The LGBTQ struggle is important because it’s interconnected to all struggles for social justice, Storey said in an e-mail.

“The LGBTQ community is unique because sexuality and gender flow through every other aspect of a person's identity,” Storey said. “There are LGBTQ people of color, immigrants, women, poor people, people with disabilities — the list goes on — and therefore everyone's struggle for justice and equality affects us all.”

Despite continued bullying and inequality toward gay people, Savage said things in fact are getting better and people reach out to him all the time. These people tell him that “It Gets Better” saved their lives.

Some people object to the project because they think it gives gay youth a false sense of hope, Lewis said.

“I don’t agree with that at all,” he said. “I think it’s great. Just telling people that they’re not alone is key because during that time [of coming out] you feel so alone and isolated.”

Winiker also supports the project.

“It's an unbelievable project — those videos are so real,” Winiker said. “They're also extremely helpful for people on the other side of the issue.

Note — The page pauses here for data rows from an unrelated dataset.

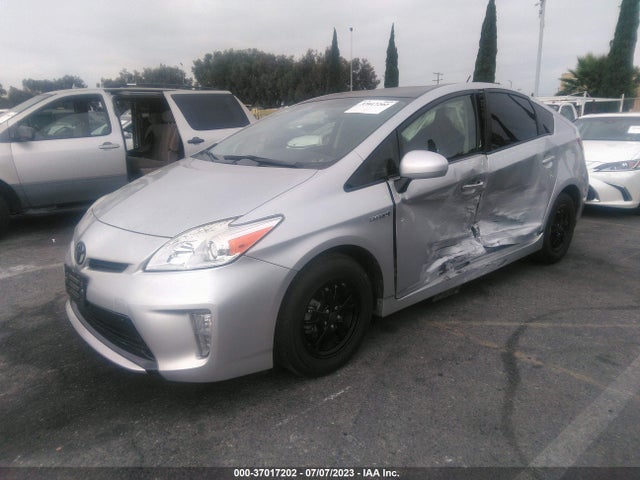 Toyota Prius Four/five/three/one/two 2014 JTDKN3DUXE1772855 Image 2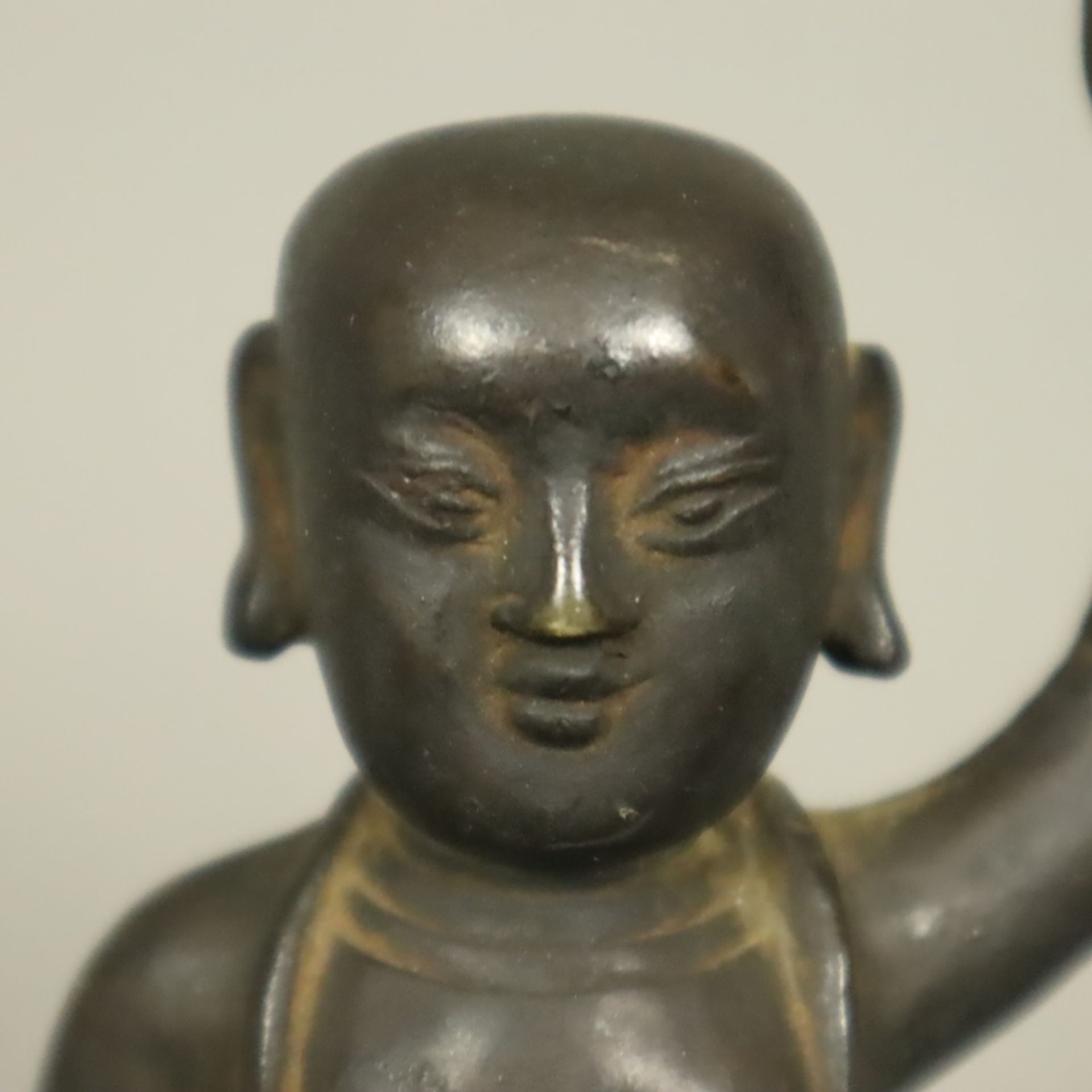 Buddha Shakyamuni als Kind / Baby Buddha - China, Qing-Dynastie, Kangxi-Periode nach 1700, Bronzefi - Image 3 of 11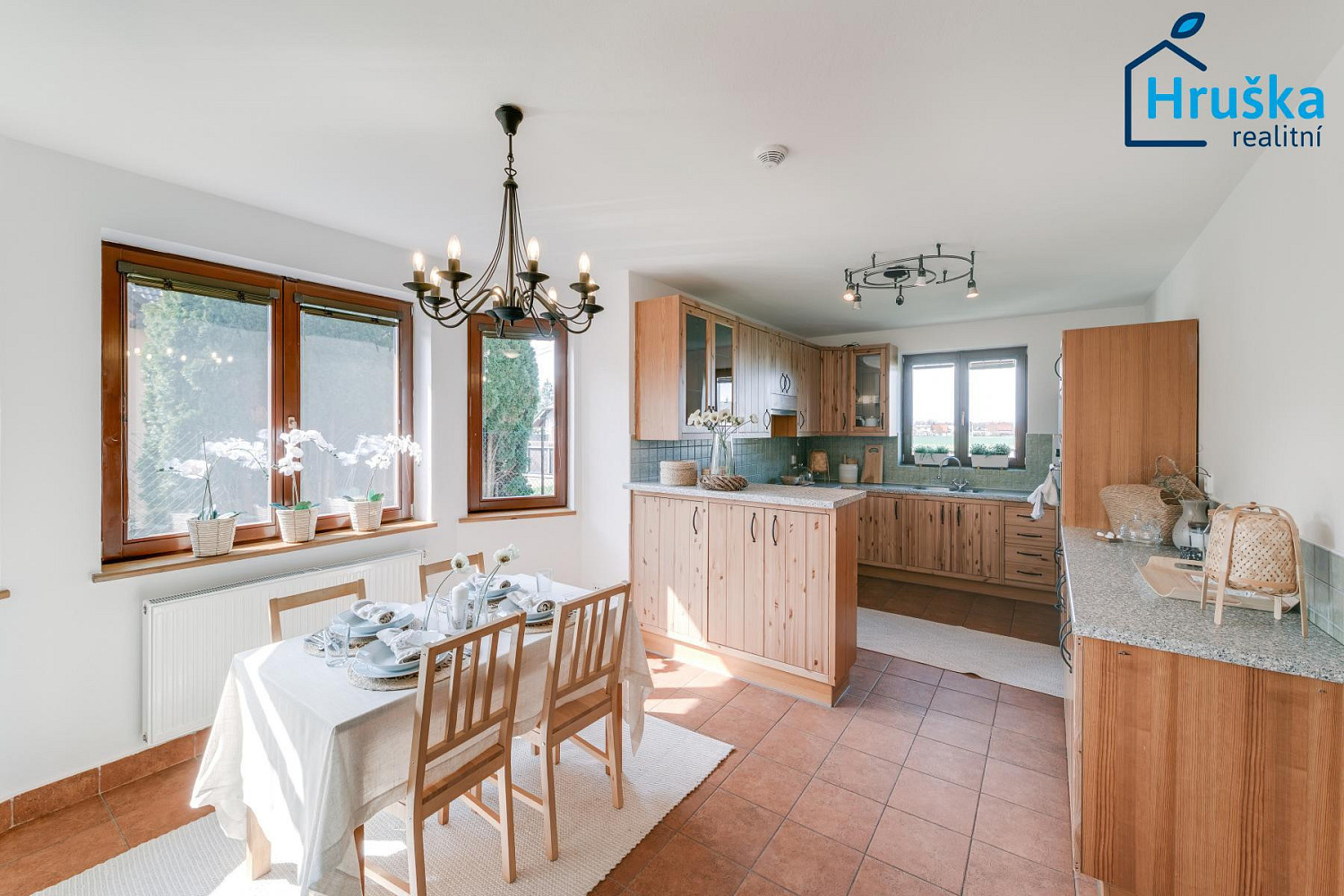 Prodej domu 196 m² s pozemkem 650 m² – fotografie 3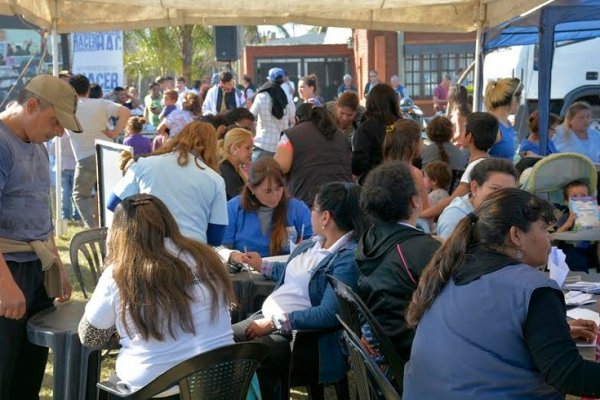 Casi 1.000 atenciones médicas gratuitos en barrio Independencia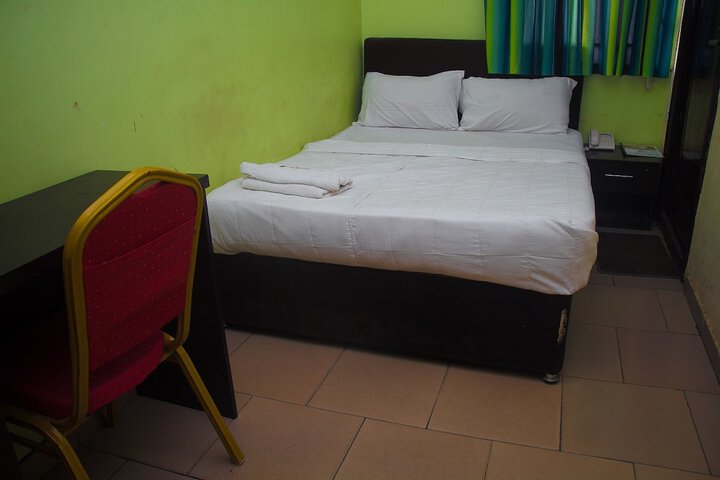 Room 3 of 35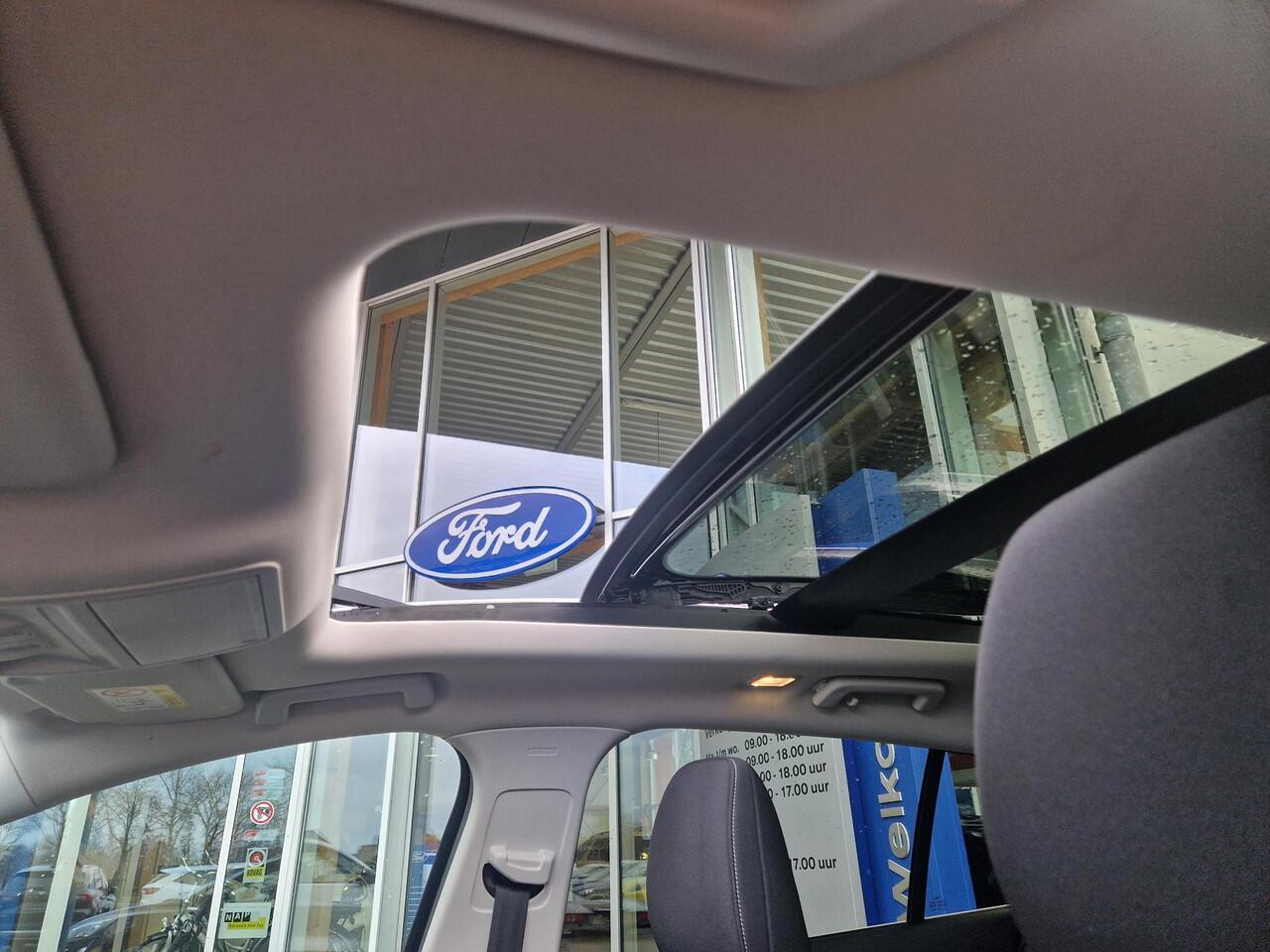 Ford FOCUS Wagon 1.0 EcoBoost Hybrid Titanium X Business | Winterpack | Panoramadak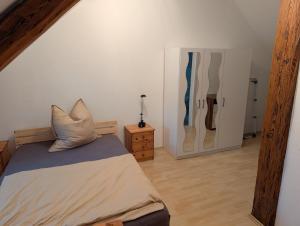 a bedroom with a bed and a mirror at Ferienwohnung Am Markt in Eisfeld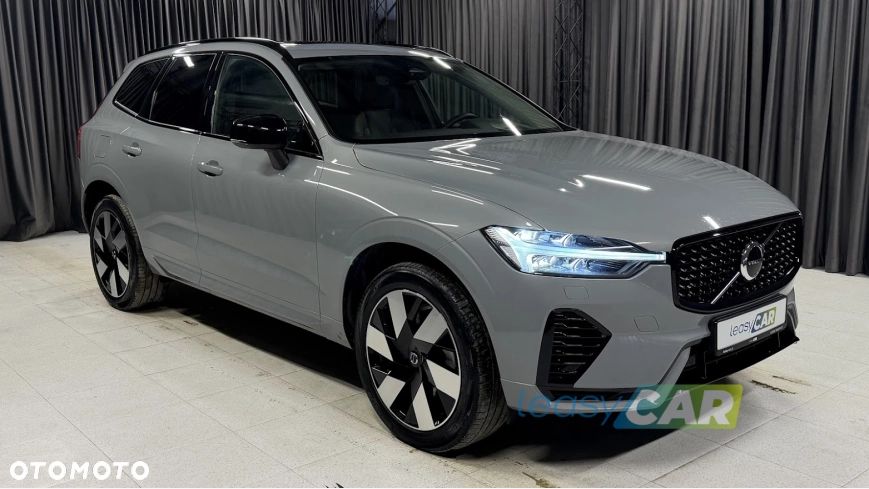 Volvo XC 60 T6 Plug-In Hybrid AWD Ultra Dark - 3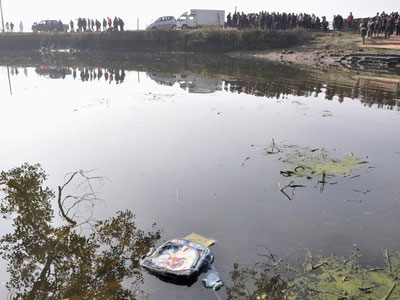 China: nibus escolar cai em lago e mata ao menos 11 crianas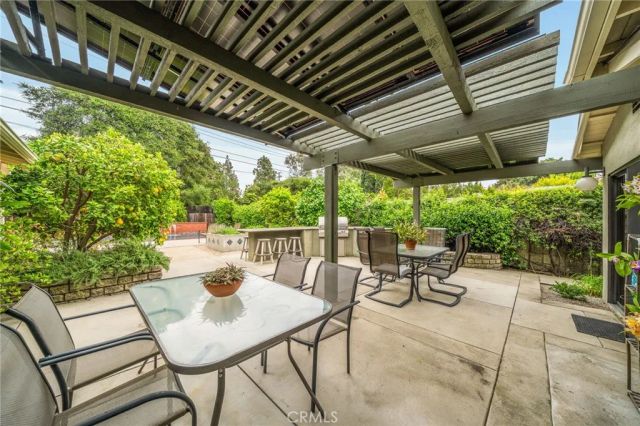 1382 Via Zurita Street, Claremont, CA 91711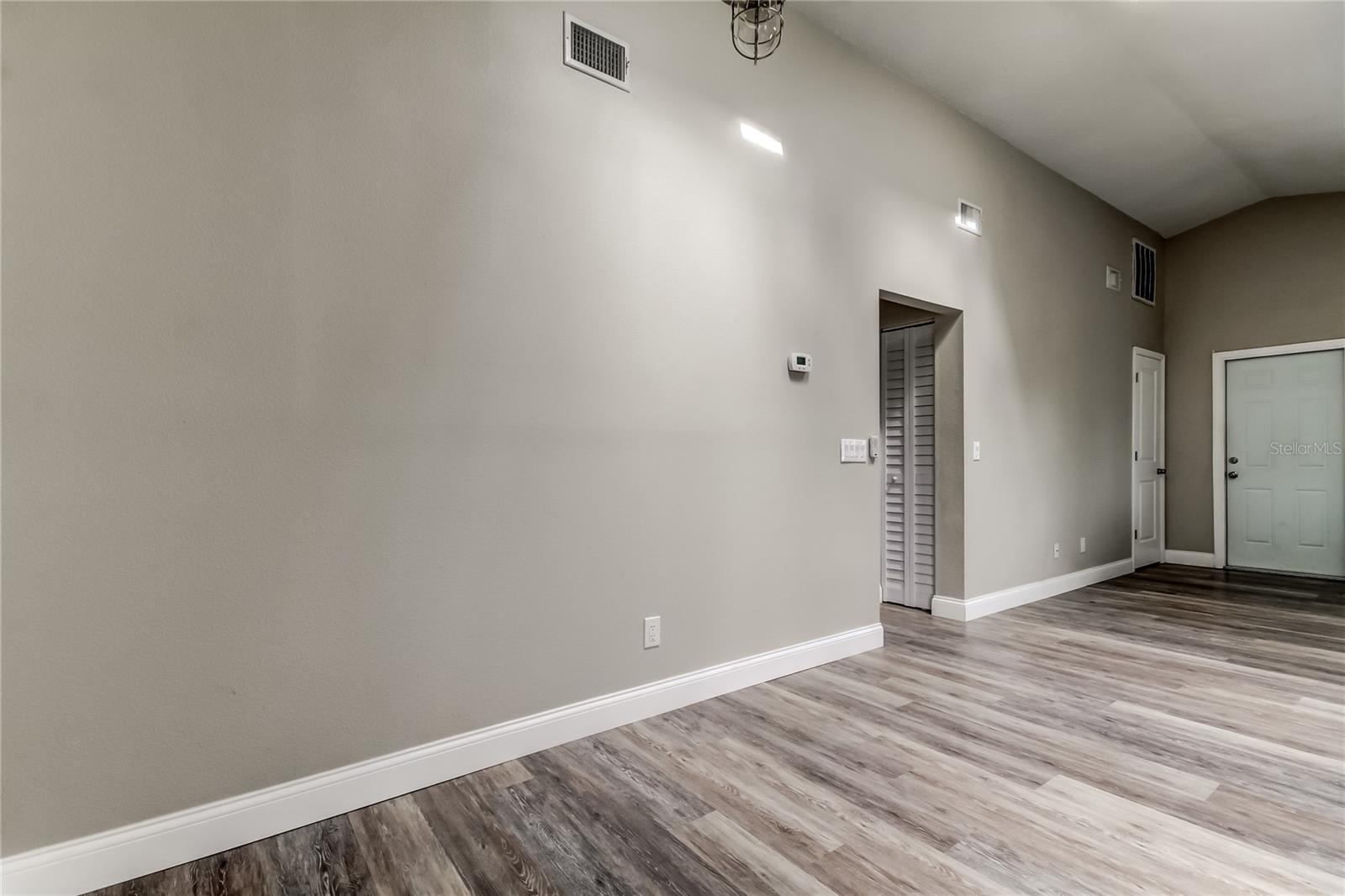 206 Bedford St Property Photo 11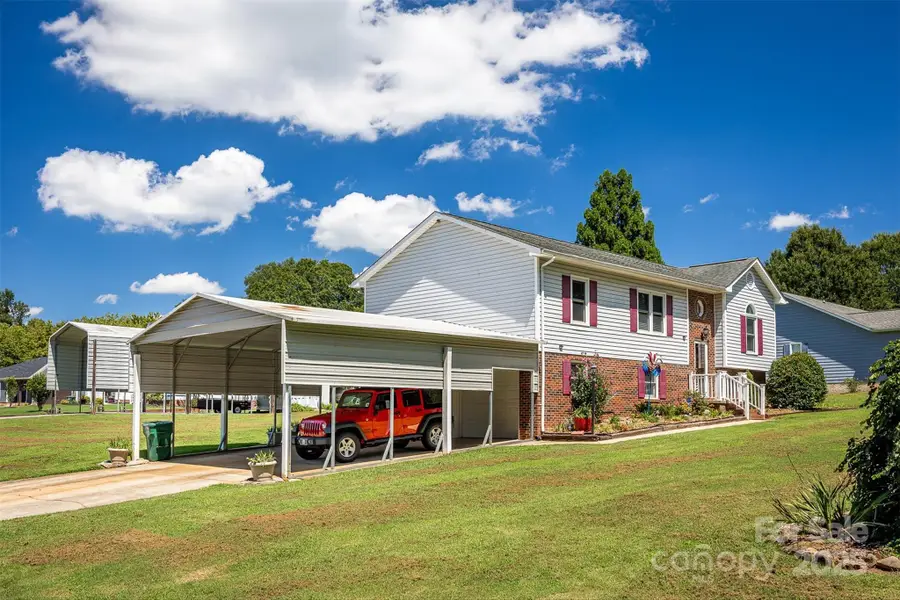 2184 Little John Trail, Newton, NC 28658 - Image #3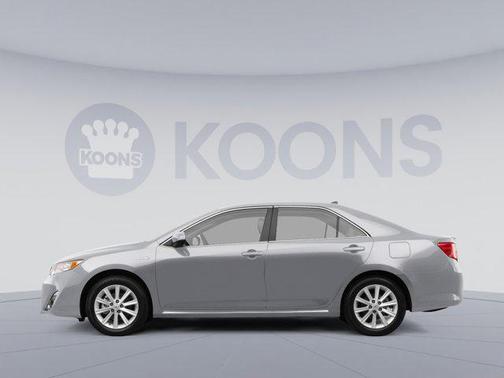 2012 Toyota Camry Hybrid XLE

I just hope more of those people would actually get the chance to see it.”

Straight people should start being better allies, Storey said.

“Straight people are uniquely suited to address homophobia and stand up against it,” Storey said. “They do not have to deal with fear of violence or discrimination — and if they do, it’s not anything like what it feels to experience that and actually be gay or transgender.”

Nothing changes people faster than knowing someone who’s LGBTQ, Savage said.

“Straight people saw when they knew or worked with or were related to gay people that the lies and the myths about us were untrue,” Savage said. “They couldn’t reconcile their prejudices with the gay people in their lives that they knew and loved.”

Society needs anti-bullying programs and gay-straight alliances in schools; it needs to draw a cultural line that exposes bullying and inequality as wrong; and it needs to finally flush down the toilet the idea that being gay, lesbian, bisexual or transgender is a choice, Savage said.

Lewis had a simpler suggestion for everyone.

“If everyone were just nicer to each other, everyone would feel included and wanted,” Lewis said. “It’s so easy to do — you don’t have to go out of your way to be nice to people.”